French fries o freedom fries?
French fries, french fries!!!

Tutto è tornato al suo posto. Compreso il nome delle patatine fritte. Fortunatamente! Voltare pagina e da quella seguente, bianca, scrivere da zero, daccapo, un nuovo capitolo.
Il nuovo corso delle relazione atlantiche riprende da dove si era arenato con la guerra in Iraq.

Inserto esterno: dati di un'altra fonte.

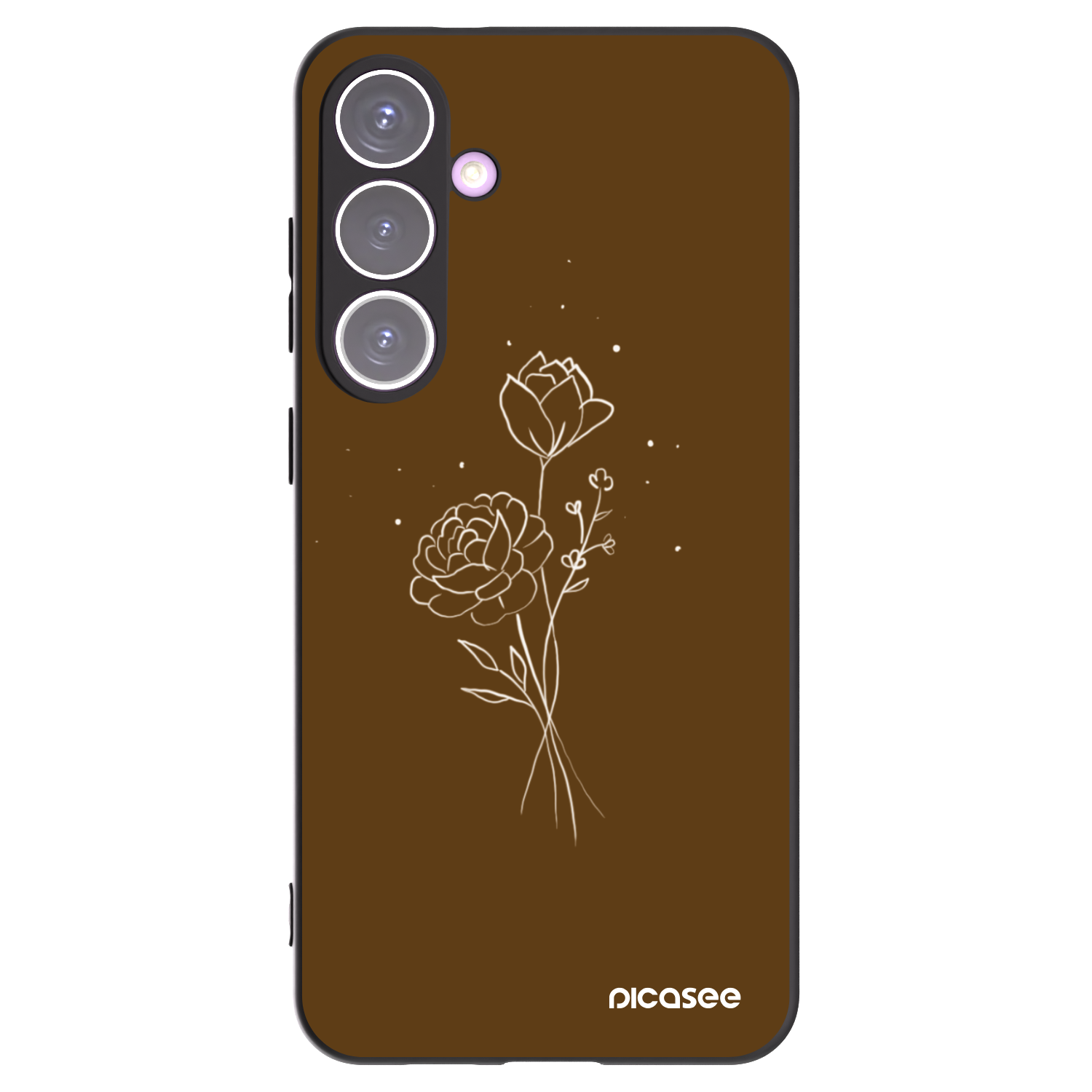 Picasee silikónový čierny obal pre Samsung Galaxy S24+ S926B 5G - Brown flowers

Il contesto storico e le disposizioni personali sono cambiate e ora i due acerrimi nemici, il giovane Presidente della super potenza americana, George W. Bush, e l’anziano Presidente della media potenza francese, Jacques Chirac, possono finalmente sotterrare l’ascia di guerra, gustarsi un pasto in cui ogni portata viene servita con il proprio nome, e, magari, scambiarsi una fumante patatina della pace.

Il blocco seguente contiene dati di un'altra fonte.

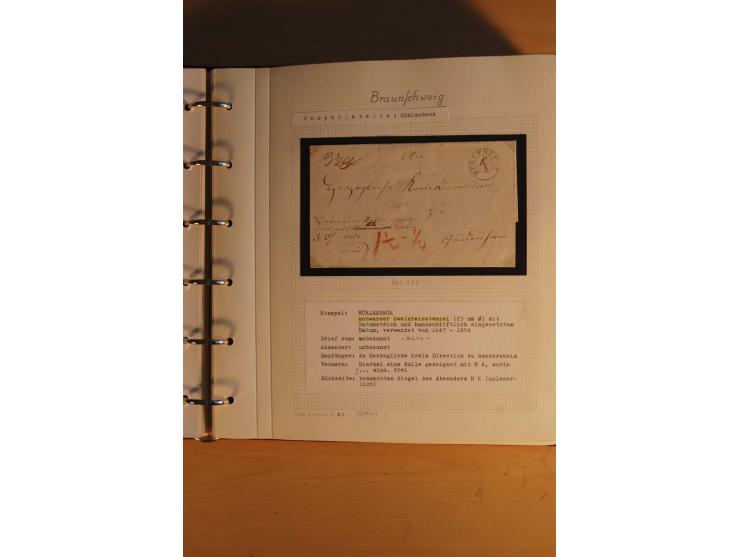 1750/1880, umfangreiche Vorphila-Sammlung inkl. einiger markenloser Briefe nach 1852 von Amelunxborn bis Zorge mit ca. 450 Br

Lontane le liti, è tempo di nuove amicizie

Visti da dopo la turnée di George Dabliù nel Vecchio Continente, ma soprattutto da dopo la cena bruxellese del rude texano con il fine parigino, sembrano lontani i tempi della deriva delle due sponde atlantiche.
Lontani i tempi in cui il leader dei senatori repubblicani, in pieno embargo del brie, sventolava al Senato federale, la faccia livida, una foto della Smart dichiarando acrimonioso di aborrire l’idea “che gli americani siano costretti a guidare quell’auto ridicola”, espressione di quella vecchia Europa così gauschisante e decadente.
Lontani, infine, i tempi in cui l’allora Consigliera alla sicurezza e ora Segretario di Stato, Condoleeza Rice, riassumeva la strategia americana di fronte alla rivolta dei tre alleati europei con la formula: “punire la Francia, ignorare la Germania e perdonare la Russia”.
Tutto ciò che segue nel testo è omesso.